Does an insurance company whose underlying liability exposure under a proposed bankruptcy plan is no greater than prior to bankruptcy have standing to challenge a plan as a “party in interest” under § 1109(b) of the Bankruptcy Code?

This case asks the Court to resolve whether the prudential bankruptcy doctrine of “insurance neutrality” may be applied to exclude an insurance company from Section 1109(b)’s “party in interest” requirement. The insurance neutrality doctrine prohibits an insurance company from challenging a bankruptcy plan as a “party in interest” when that plan does not increase its liability exposure from pre-bankruptcy levels. This case arises from the Chapter 11 bankruptcy proceedings of Kaiser Gypsum Co. and Hanson Permanente Cement, who negotiated a plan to settle claims with asbestos tort claimants either through the tort system or via application to a special trust. The companies’ liability insurer, Truck Insurance Exchange, objected on the grounds that only the trust application process––not the tort-claim alternative––required significant disclosures from claimants to prevent duplicate or frivolous claims. Truck Insurance Exchange contends that “party in interest” encompasses any person materially affected by the bankruptcy plan. Kaiser Gypsum Company, Inc. and other co-respondents dispute that the fact that an insurer might have been better off under another plan constitutes an “interest” in the proceedings. The case has major implications for settlement of mass tort claims and fairness to creditors. The Court must balance interests in the speedy and consensual settlement of legitimate claims, a core function of bankruptcy proceedings, with the legitimate desire of creditors to prevent collusive suits between debtors and claimant parties.

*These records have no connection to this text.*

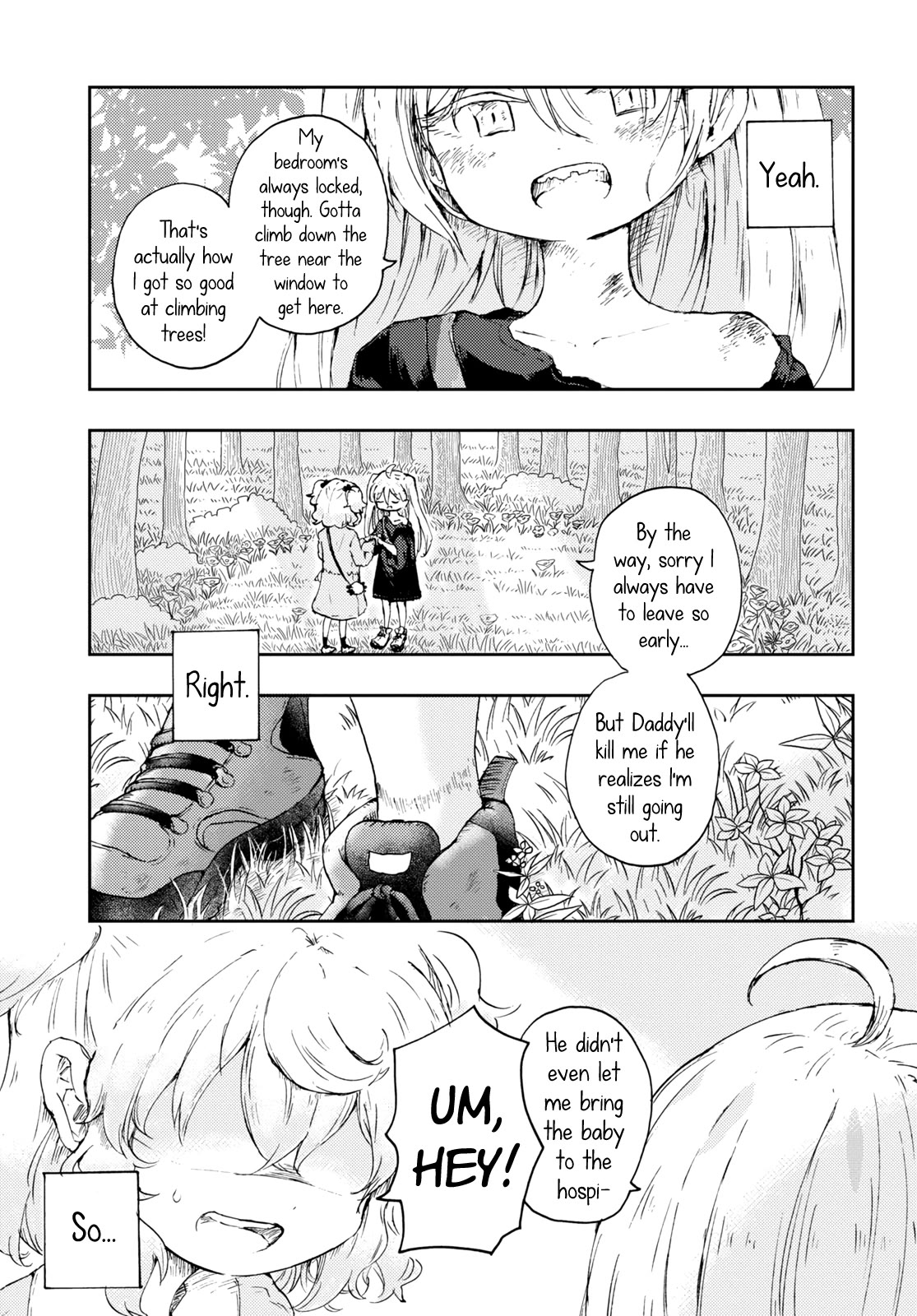 In the Gardens of Gehenna Chapter 3 page 15 - Chapter 3: Divide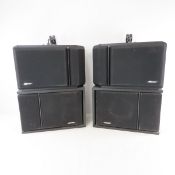4 Bose 201 Series Direct Reflecting Speakers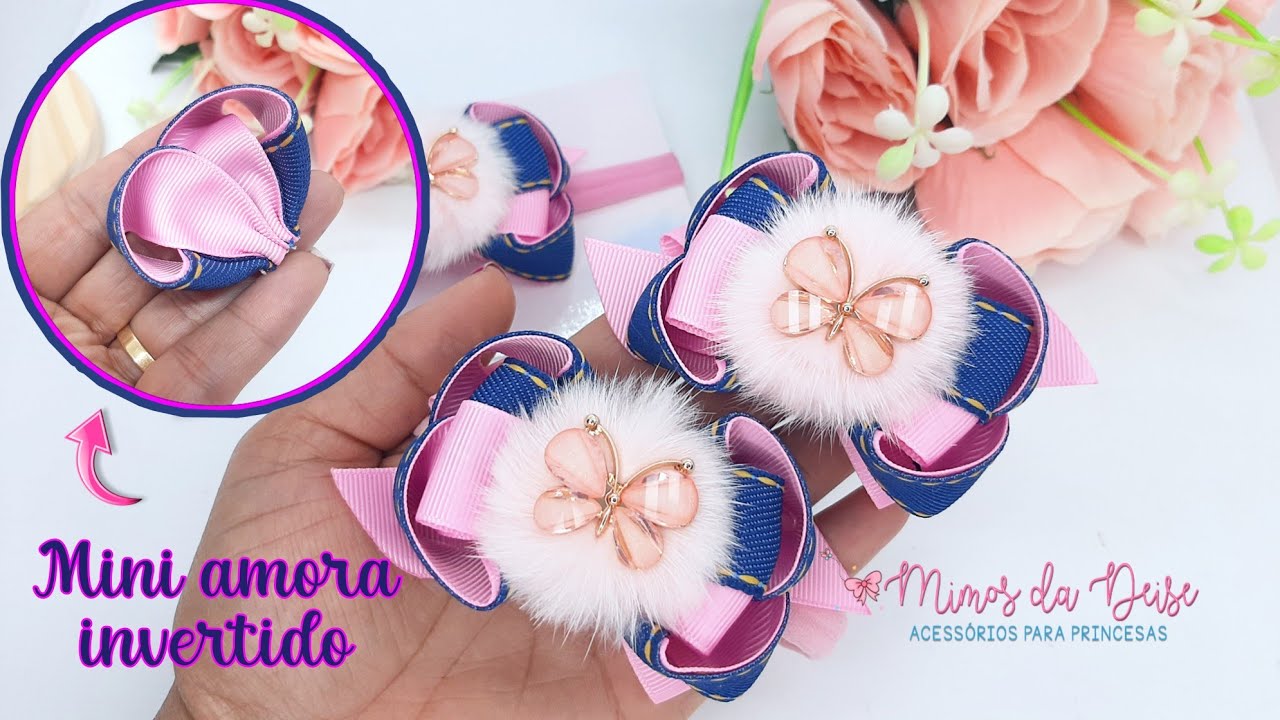 Diy Mini Amora perfeito🎀 + dicas - Para iniciantes
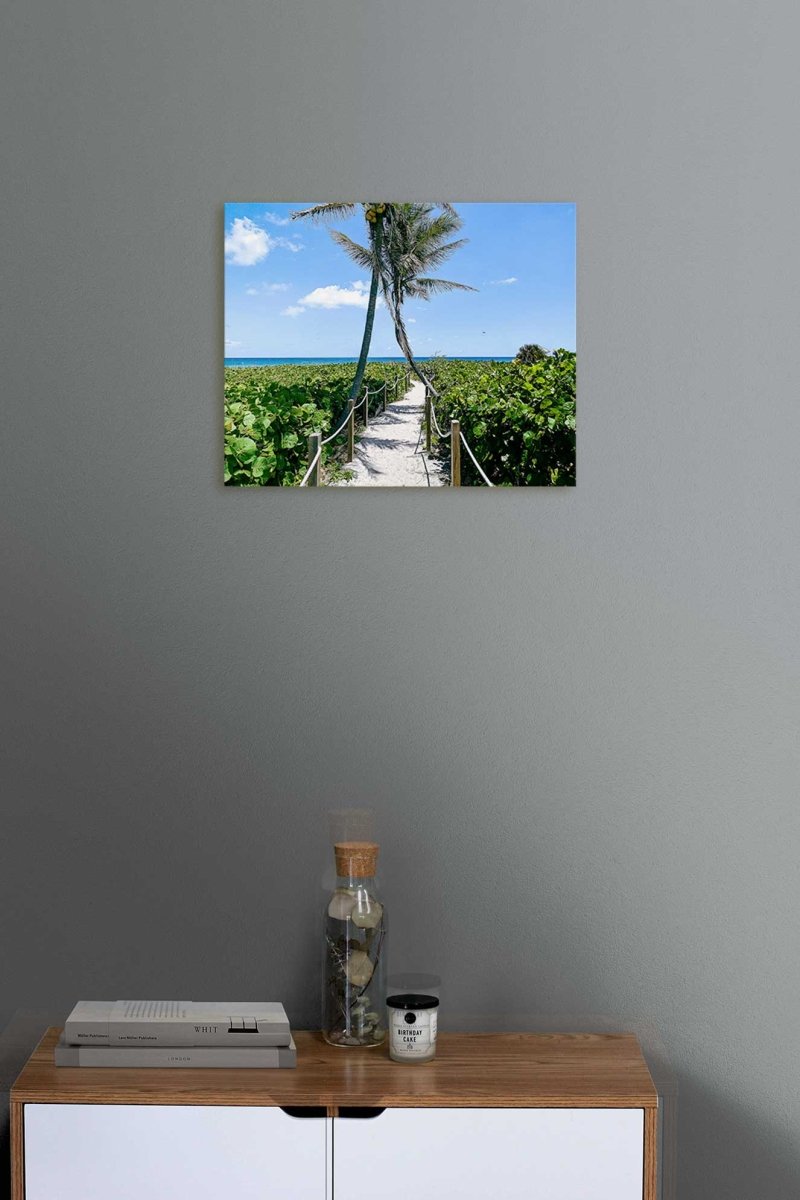 Entering Paradise on Acrylic Glass Wall Art - Cosas y Punto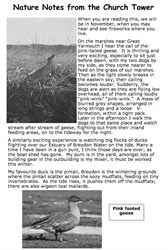 NATURE NOTES A 11-2025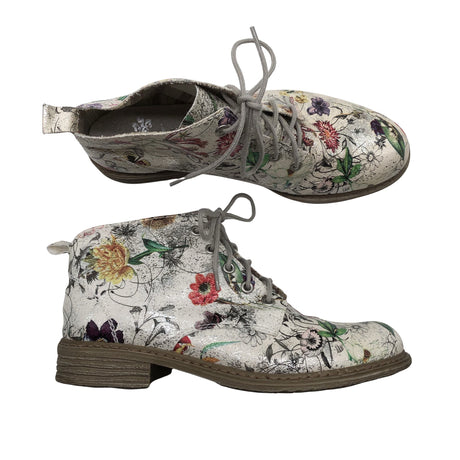 Unisex Rieker - Ankle boots, size 39 - Silver ()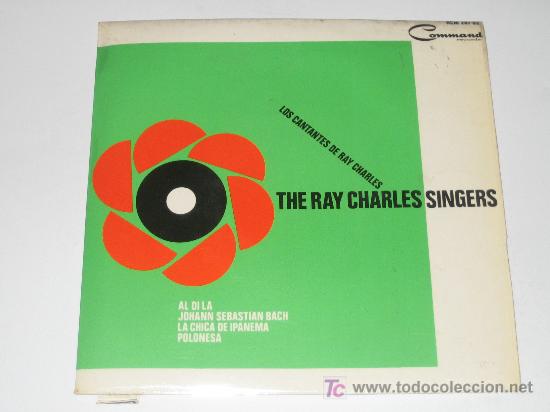 Discos de vinilo: THE RAY CHARLES SINGERS - Foto 1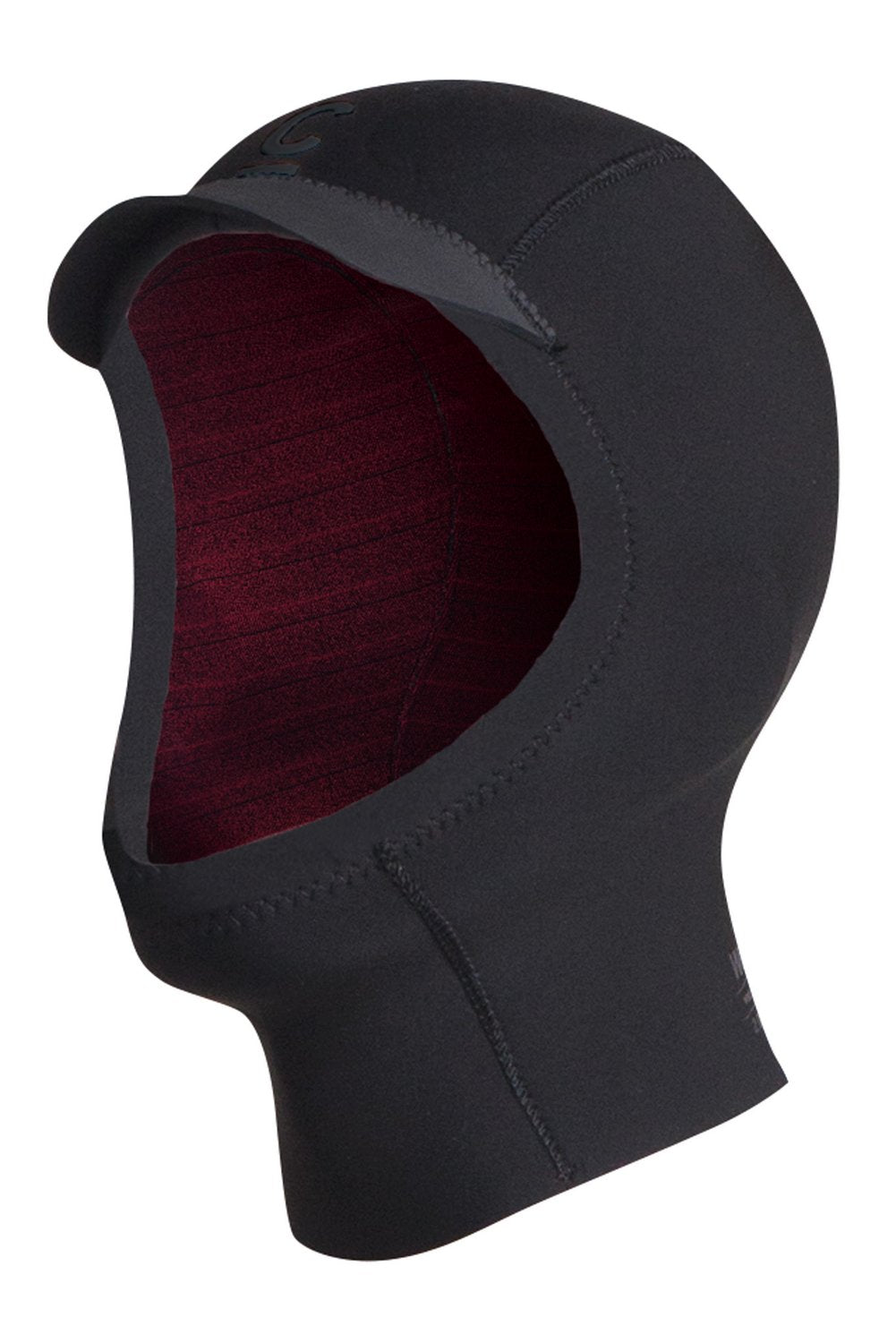 C-Skins Wired Adult 2mm Hood-Wetsuit Hoods-troggs.com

Questions as Framed for the Court by the Parties

Whether an insurer with financial responsibility for a bankruptcy claim is a “party in interest” that may object to a plan of reorganization under Chapter 11 of the Bankruptcy Code.

Section 524(g) of the Bankruptcy Code permits debtors with significant asbestos liabilities to channel claims into a trust established pursuant to Chapter 11 reorganization (called a “channeling injunction”). Truck Insurance Exchange v. Kaiser Gypsum Co.